I knew it was him. He kept staring at me during class. He tried to be subtle. I don’t know why. I’m not sure why he gave me the scarf. Maybe he wanted me to give it to Molly Henderson or Jordan Parks or Thomas Wolfe. They get sick the most in school, so maybe he wanted them to stay warm. I saw the gentle crossing guard, and she looked as if she needed it the most. I don’t think he wanted to give the scarf out himself. He might be shy. It is still a kind gesture. I hope the crossing guard likes the scarf. I hope she also has a good Christmas. I hope they all have a wonderful Christmas. I’m not sure how to spend this Christmas. I could write more letters for the Tranquil Haven Nursing Center, or I could make coffee for the construction workers on Plainfield Avenue! 

The night was late, chilly, and flowing with snow. Reuben, who was on facetime with Zay, as we were driving on our way to Leila’s, mentioned how some girl was handing out free hot chocolate by Newhart, the cliff with the view. That was how I later ended up in Newhart. I told Zay, who was beyond confused and a bit drunk, to drop me off in the street and to head over without me. I hustled over to Newhart. I ran to go see Kora. 

“Hey, hi, what’s good. So, like, hot chocolate?”

“Hi, I thought you would come.”

“Yeah, I heard abou–wait, what?”

“You look tired. Are you tired?”

“...”

“You must be tired. Well, I have an extra creamy type, an extra sweet type, and an extra choco–”

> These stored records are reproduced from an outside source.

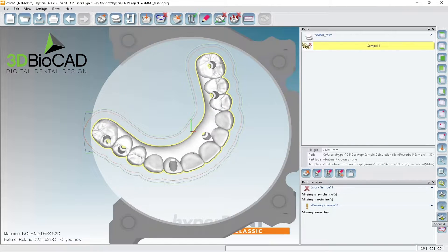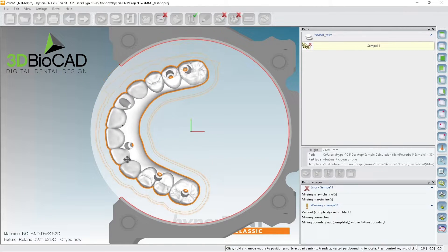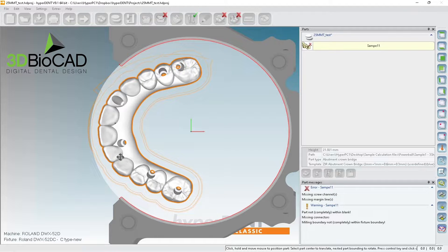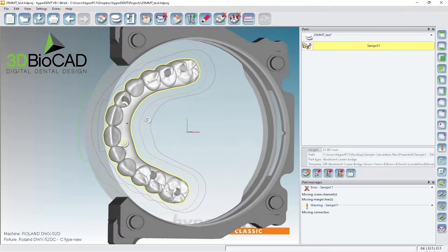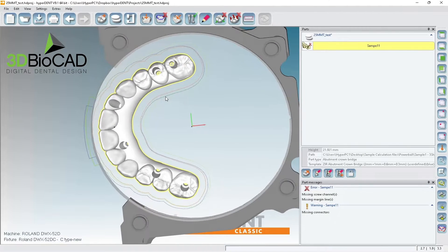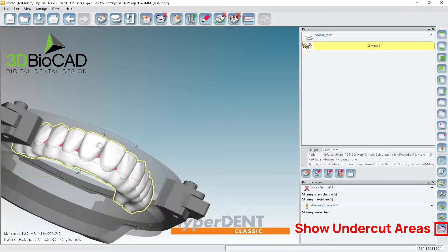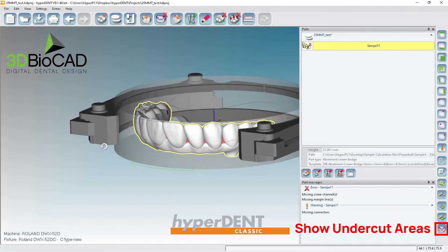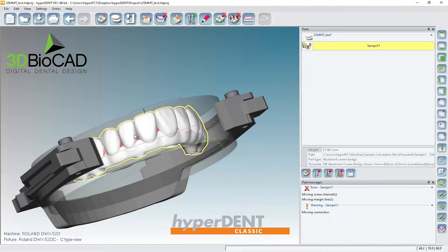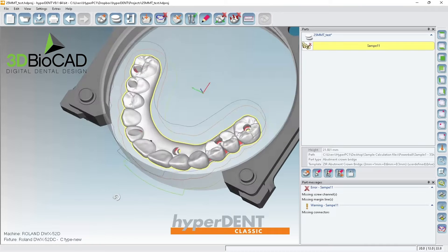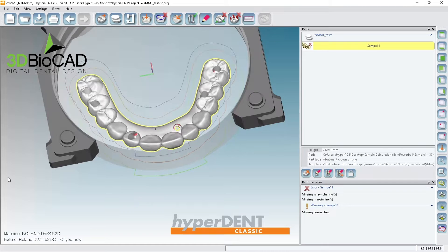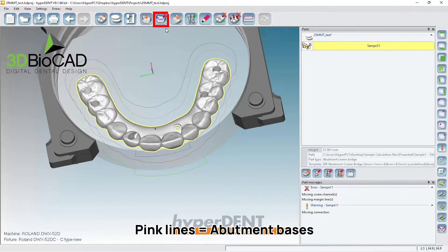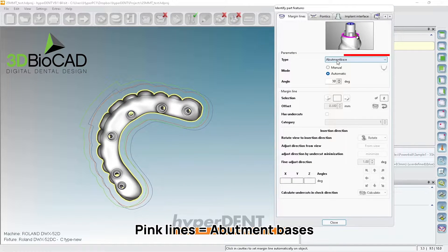And I'm going to rotate, bring it all the way out because it has undercuts and whatnot. Let's look at the undercuts. This one, the design has very, very minor undercuts. If it's this minor, then I don't think we have to do user defines. But just for learning purposes, I want to show you. First, we want to have the pink lines, which is called Abutment bases.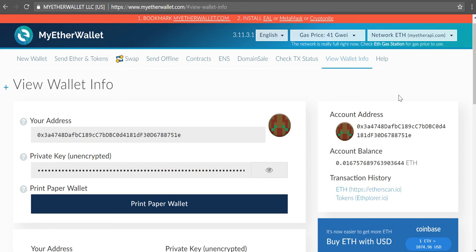Good evening everyone, today is January 24th 2018 and I'm going to show you how to add a custom token to your wallet in MyEtherWallet.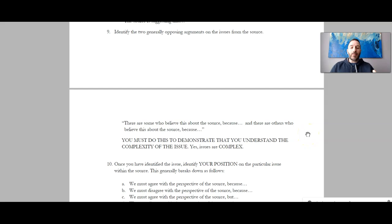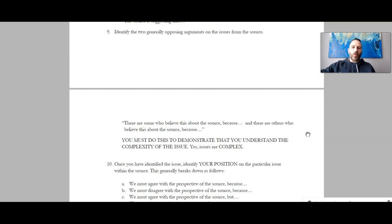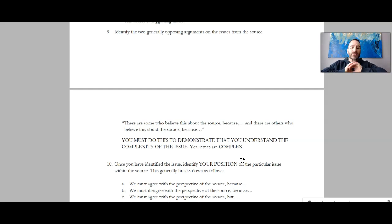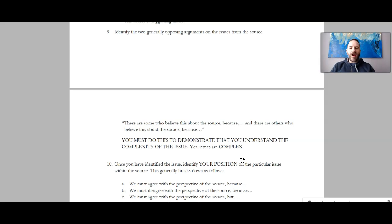Number nine: identify the two generally opposing arguments on the sides of the source. Some would agree, others would disagree — jot down why. For example: there are some who believe that free economies are the path to prosperity because when you allow people to pursue their own economic security, they work hard to achieve prosperity. However, there are others who believe that a laissez-faire economy leads to economic disparity between those who win in the system and those who lose — sometimes because they lack the means to get educated or control the means of production. You must do this to demonstrate that you understand the complexity of the issue.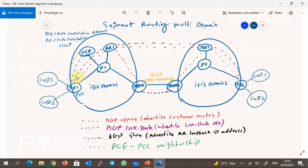In each domain, at least one router is responsible for distributing ISIS or OSPF topology information into the BGP protocol. Here, P routers in each domain are chosen to do this, but it can be any router in the domain. Shown here with purple color, P routers advertise the topology information to the route reflector through BGP Link State address family.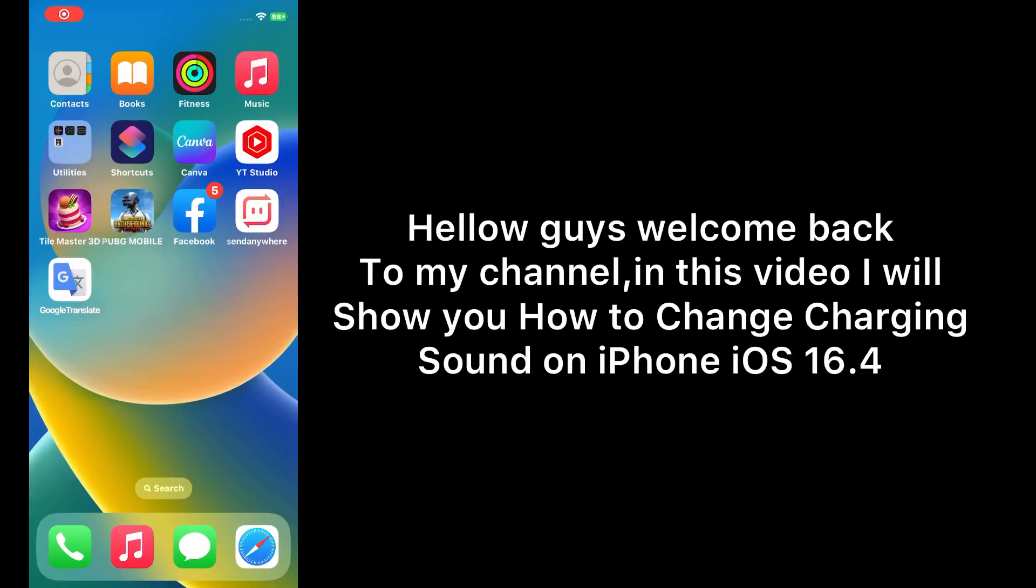Hello guys, welcome back to my channel. In this video I will show you how to change charging sound on iPhone in iOS 16.4. First of all, subscribe to my YouTube channel and press the bell icon to get new tech videos.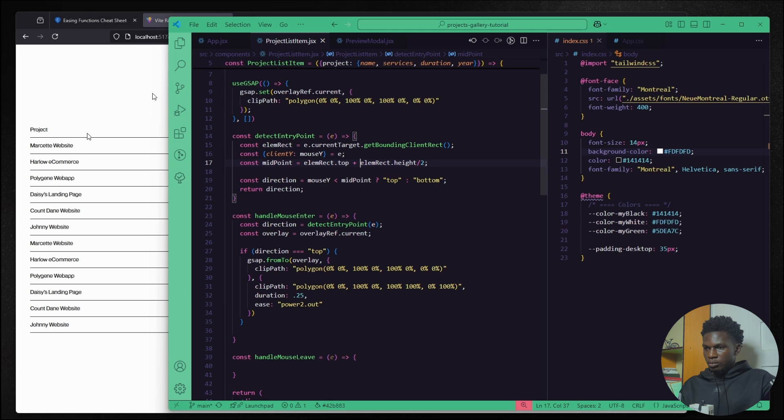So in that case the if statements we have here will never get triggered. So that's why we need to add it instead so the midpoint is somewhere here and if the mouse is coming from the top then we trigger the top, if it's coming from the bottom we return the bottom. So hopefully that makes sense.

“Listen. Kora. I’m not going to waste your holiday or time or whatever. So just listen. I’ll make it quick. You’re like a really nice person and stuff. Like, I see that you do like nice things for people. So, keep being kind, Kora. Don’t let people take that. Even though the weather is freezing, with the air making my throat feel freakin’ punctured and the snow eating at my damn hands, the hot chocolate is still warm. God, that was so cringey, but you know what I mean. Here, take this stupid letter. Have a happy Christmas, Kora.”

I felt liberated. Yet, it was the sort of the burden I wanted to continue to bear, burning and battling within, but building and brewing feelings of nourishment. She changed how I see the world–it’s beautiful not by what you can receive from it, but what you can give to it. Though, one thing kind of sucked. She moved back to Virginia after break. 

I don’t know why. I felt emotional when I read the letter. I’m not quite sure why. I cried a bit. It was a good letter. A simple letter. I learned from the letter. It does not have many words. I love the letter. He said that even gifters need gifts. He said that I taught him how to give. He taught me how to receive. I felt special reading the letter. He has changed the way I see. The way I see the world, others, myself. Maybe, I will write back to him. I want to. I’ll thank him. Also. I’ll tell him he is cute.